A lot of these chapters were a lot longer than I remembered because during the second draft I combined smaller chapters into bigger chapters. Still, if i get the 8th and 9th done I’ll have edited a little over 70 pages today. Not too shabby!

It’s been a long but enjoyable day and I’m continuously seeing new ways that I could change and alter the novel, that may or may not improve it. This is great because I have options and depending on my readers’ feedback, I might need the options.

Won’t be editing much over the next few days. Tomorrow I’m going into college to talk with one of my tutors about where to go from here, as well as some other course related things. Then I’m meeting my girlfriend and friend in town for a short while. Thursday will be back into town to see my girlfriend and then football training in the evening, leaving me suitably tired. Then Friday, Saturday and Sunday will be focused on college work (and a football match on Saturday), so editing may or may not happen at all.

With that in mind, I’ll definitely try and push to get the 9th one done tonight. That way all I’ll have left to do is the nuisance chapters in the middle. I’ll probably edit them out of order, doing shorter ones first because I’m lazy like that. One is about 1,500 words long… I’ll be seeing him very shortly methinks!

Still Learning This Editing Game

Last week I thumped out the first nine chapters of my novel in an energetic and determined day of editing. I was ruthless and efficient and it resulted in nine chapters I’m very happy with.

I posted about that success here and then planned to have the rest done in the proceeding days.

A week later, I’ve made no progress. Except, really, I have.

I still only have nine chapters edited and no matter how much I tried, I couldn’t get past the 10th one. There were many blocks in my way but at first I thought it was simply exhaustion, as I have now returned to college and I’ve been with this novel for so long that it pains my eyes. I need the distance. But I need to finish the draft first – I know that for a fact.

Still, the 10th chapter wasn’t happening.

I had my notes and my direction. I knew exactly what needed to happen and how it needed to happen. Yet… nothing.

After another long and insightful day, I’ve learned even more about writing in many various ways, from craft to reading to the business side of things. But most importantly, I’ve figured out what to do.

I’ve broken the novel into three sections:

  1. The nine chapters I’ve edited
  2. The next nine chapters, which I’m struggling with and have the most changes/fixes needed
  3. The final nine chapters, which is the paciest part of the story and only needs tightening, no major changes

I had no intention for it to break up into three sets of nine, but it was interesting and amusing to see that it did. This also gives me high hopes for getting the third section done quickly. As I’ve said above, it’s the easiest section to edit of the three. It’s also the shortest. Should be a cinch!

In truth, I’m expecting to have those nine finished by the end of tomorrow.

Then I’ll have 18 of my 27 chapters finished, that’s 66% of the book! Now THAT is a huge motivator and makes it feel a lot less daunting. All I have to do is fix the links, knowing the start and end work, and that will make it ten times easier to approach.

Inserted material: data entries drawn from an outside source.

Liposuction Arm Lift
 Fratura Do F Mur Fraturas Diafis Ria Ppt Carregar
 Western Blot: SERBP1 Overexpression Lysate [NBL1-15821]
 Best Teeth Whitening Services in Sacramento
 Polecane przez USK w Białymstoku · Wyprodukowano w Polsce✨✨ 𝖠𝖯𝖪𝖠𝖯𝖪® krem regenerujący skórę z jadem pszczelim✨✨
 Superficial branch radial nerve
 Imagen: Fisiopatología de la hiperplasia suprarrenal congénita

It’s funny how the editing process differs from the first draft. I’ve jumped past the middle while writing first drafts before, but this resulted in chaos and a cluttered, unorganised plot. In editing, jumping past the middle will actually make it more structured and coherent. There’s a serious bonus to having an entire plot laid out before your eyes! There’s less fear of screwing it up.

Thus, my editing woes and “I hate his novel and I’m wasting my life with it” feelings have disappeared and I once again love my novel and being a writer and blah blah blah… writing is an endless roller coaster. There’s a strange thrill to driving yourself insane.